The woman eyes me over with pity before sighing and digging through her purse. She hands me a twenty dollar bill. “There you go. Hope this helps.”
I clutch it in my hands. “Thank you so much.” I’m able to buy a ticket and have money to spare.
I’ve never used the subway before so it takes me a few minutes to figure out which train to take that will get me closest to Anya’s house. Every second I’m figuring this out is a second longer that Dante could find me.
Finally, I figure out where to go and hop onto a train and let it take me back to my sister.
The subway drops me off about five minutes from Anya’s. I use all the strength and speed left in me to make a run for it back to her house.
And then there it is. Safety. My home.
I pound on the front door and one of Erik’s guards opens, his eyes widening. “I need to see my sister.”

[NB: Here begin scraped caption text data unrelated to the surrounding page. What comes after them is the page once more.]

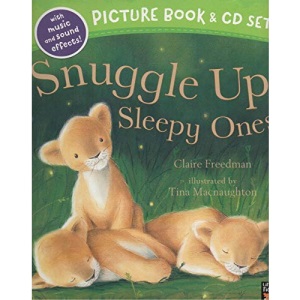 Snuggle Up, Sleepy Ones Picture Book and CD Set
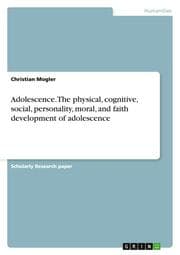 Cover von Adolescence. The physical, cognitive, social, personality, moral, and faith development of adolescence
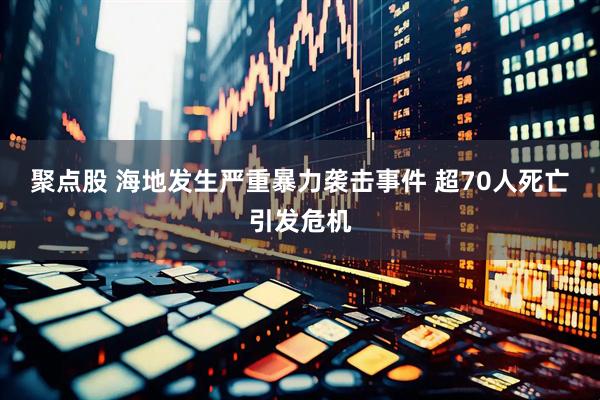 聚点股 海地发生严重暴力袭击事件 超70人死亡引发危机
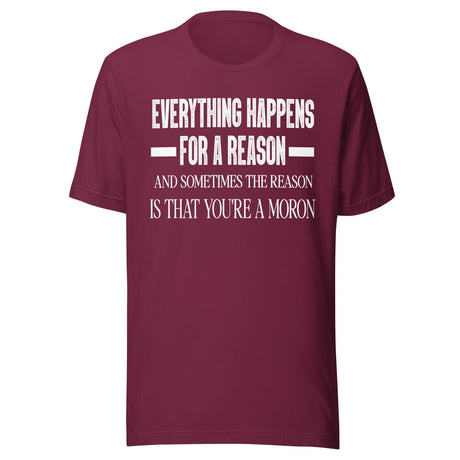 Everything Happens for a Reason Moron Shirt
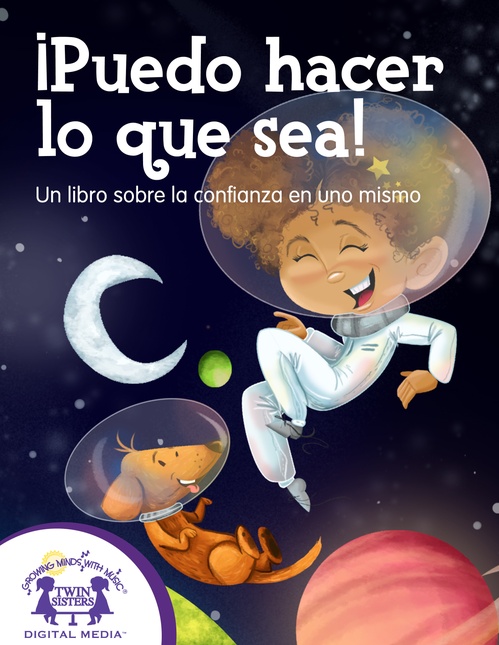 ebook cover of ¡Puedo hacer lo que sea! Un libro sobre la confianza en uno mismo, by Kim Mitzo Thompson, Karen Mitzo Hilderbrand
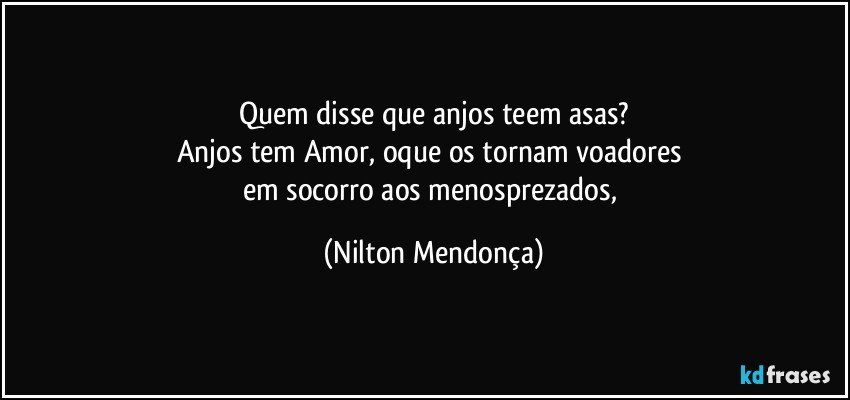 Quem disse que anjos teem asas?
Anjos tem Amor, oque os tornam voadores 
em socorro aos menosprezados, (Nilton Mendonça)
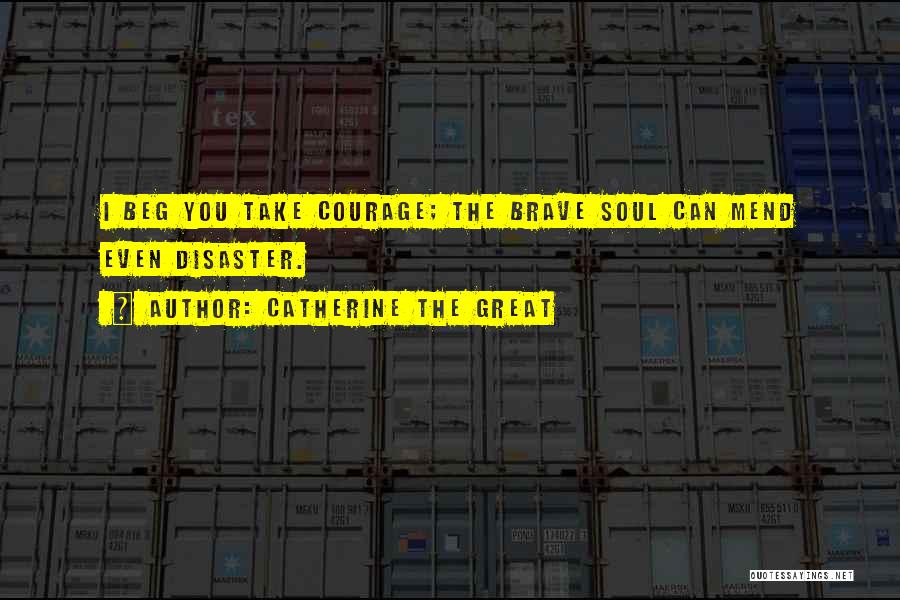 The Brave Soul Quotes By Catherine The Great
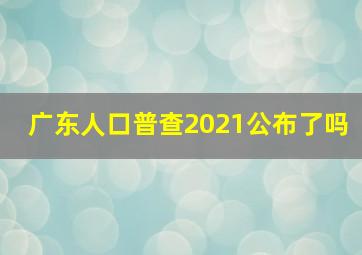 广东人口普查2021公布了吗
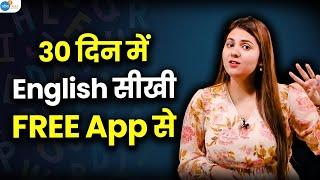 इस Free App से मैंने सीखा Fluent English Speaking| Mehak Dhawan | @JoshSkillsApp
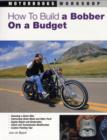 Image for How to Build a Bobber on a Budget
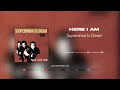 Download Lagu Superman Is Dead - Here I Am (Official Audio)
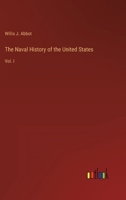 The Naval History of the United States: Vol. I 336824034X Book Cover
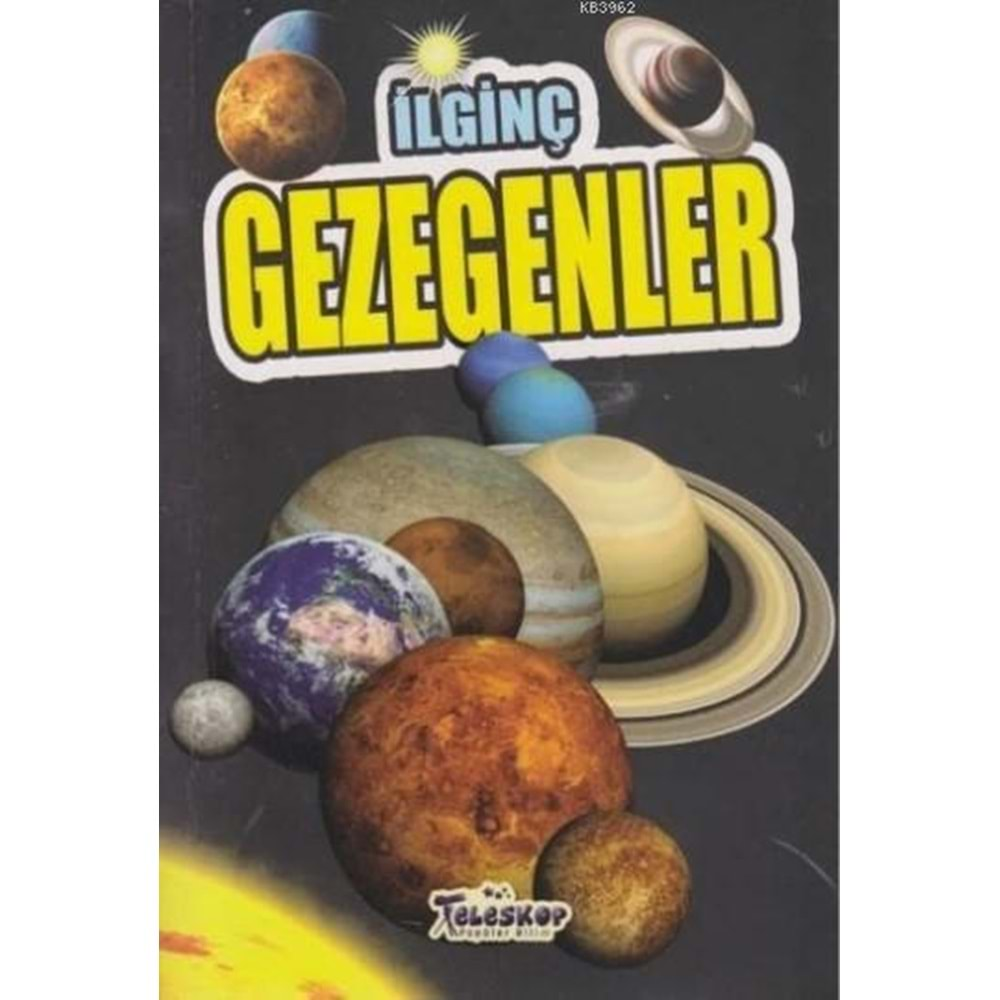 İLGİNÇ GEZEGENLER-TELESKOP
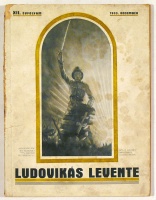 Ludovikás Levente 1933.  -   A M. Kir. Honvéd Ludovika Akadémia Levente-köreinek folyóirata. XII. évf.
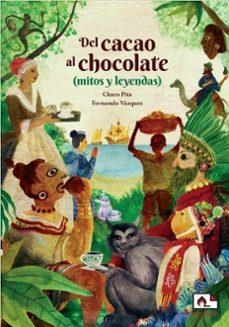 DEL CACAO AL CHOCOLATE | 9788412500721 | PITA, CHARO | Llibreria Drac - Llibreria d'Olot | Comprar llibres en català i castellà online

The door is wrenched open more and there is Anya. The sight of her fills me with so much relief, I instantly begin to cry.
And without a word, Anya pulls me into her arms and I know I’m truly safe.
“She’s not staying,” a male voice comes from behind me. The guard raises his gun. I look over my shoulder.
Finn is standing in the driveway and the look in his eyes chills me to the bone.